Gross negligence has legal consequences. If the government tolerated gross negligence by, for example, allowing drunk driving, and someone is thereby injured, the governing officials (with all of America) would be guilty before God for the harm done. Thus God does not require society to put up with gross negligence. Therefore the government should ban recreational drugs and outlaw drunkenness from alcohol. (The federal government strong-armed the states to decriminalize drunkenness during the mid twentieth century so that today, unwisely, in the U.S., and in Australia and Britain, etc., it is no longer a crime to be drunk.)
The guy claiming a right to shoot a gun in a city park because he's a good shot and hasn't (yet) hit anyone is rightly overruled.
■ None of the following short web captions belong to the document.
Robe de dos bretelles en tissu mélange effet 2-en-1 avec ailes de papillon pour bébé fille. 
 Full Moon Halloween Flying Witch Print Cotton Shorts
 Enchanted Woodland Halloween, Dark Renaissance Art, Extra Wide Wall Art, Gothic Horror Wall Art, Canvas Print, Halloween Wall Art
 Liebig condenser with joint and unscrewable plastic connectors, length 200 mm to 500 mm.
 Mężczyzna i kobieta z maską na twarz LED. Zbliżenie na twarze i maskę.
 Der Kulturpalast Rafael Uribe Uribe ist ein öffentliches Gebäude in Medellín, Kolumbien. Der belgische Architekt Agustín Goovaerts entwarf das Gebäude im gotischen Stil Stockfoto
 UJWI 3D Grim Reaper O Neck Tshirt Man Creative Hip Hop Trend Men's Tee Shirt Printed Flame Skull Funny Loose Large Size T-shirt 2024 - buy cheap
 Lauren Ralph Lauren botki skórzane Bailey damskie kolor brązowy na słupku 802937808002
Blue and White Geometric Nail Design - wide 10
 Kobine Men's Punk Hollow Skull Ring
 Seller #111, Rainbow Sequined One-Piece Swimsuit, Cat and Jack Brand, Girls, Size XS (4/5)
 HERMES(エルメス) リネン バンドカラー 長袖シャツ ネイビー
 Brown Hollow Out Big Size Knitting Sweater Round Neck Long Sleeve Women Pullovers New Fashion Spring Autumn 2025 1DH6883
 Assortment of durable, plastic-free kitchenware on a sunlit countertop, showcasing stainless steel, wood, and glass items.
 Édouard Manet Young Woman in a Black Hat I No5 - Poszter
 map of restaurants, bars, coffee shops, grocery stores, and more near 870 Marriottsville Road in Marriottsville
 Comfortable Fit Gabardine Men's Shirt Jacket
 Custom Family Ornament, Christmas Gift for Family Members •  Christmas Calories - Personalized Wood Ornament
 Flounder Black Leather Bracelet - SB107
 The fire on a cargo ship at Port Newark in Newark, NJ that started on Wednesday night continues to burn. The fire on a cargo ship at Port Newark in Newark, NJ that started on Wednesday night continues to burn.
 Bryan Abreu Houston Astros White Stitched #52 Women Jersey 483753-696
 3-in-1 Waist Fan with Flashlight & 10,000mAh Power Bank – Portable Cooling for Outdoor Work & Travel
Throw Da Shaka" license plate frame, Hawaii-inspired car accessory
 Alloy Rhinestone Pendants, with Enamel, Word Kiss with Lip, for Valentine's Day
Examples of the predictable consequences of the grossly negligent behavior of getting high or drunk include:
- stoned drivers who actually think they drive better when smoking pot
- people who've smoked a joint who then end up driving a car after they thought they were home for the night
- a stoner who laughs that his cigarette fell behind the couch which then starts a fire that kills a baby upstairs
- the pot mom who drives away
with her baby on the roof of her car
- pornography consumed even by many who may not otherwise have viewed it
- crimes and sexual immorality committed (like Ted Bundy who couldn't violate his conscience to murder unless he was intoxicated)
- the dollars spent on emergency room services, etc., for domestic violence and other victims hurt by stoners
- the cost of treating the user for injuries and illnesses resulting from drug abuse and alcoholism.
So when the*
normal use*of any substance makes a person intoxicated, then the government correctly outlaws and classifies that drug as a controlled substance. Thus while THC and related medications should be available on a prescription basis from a pharmacy, pot use should not be normalized and the marijuana drug should be illegal.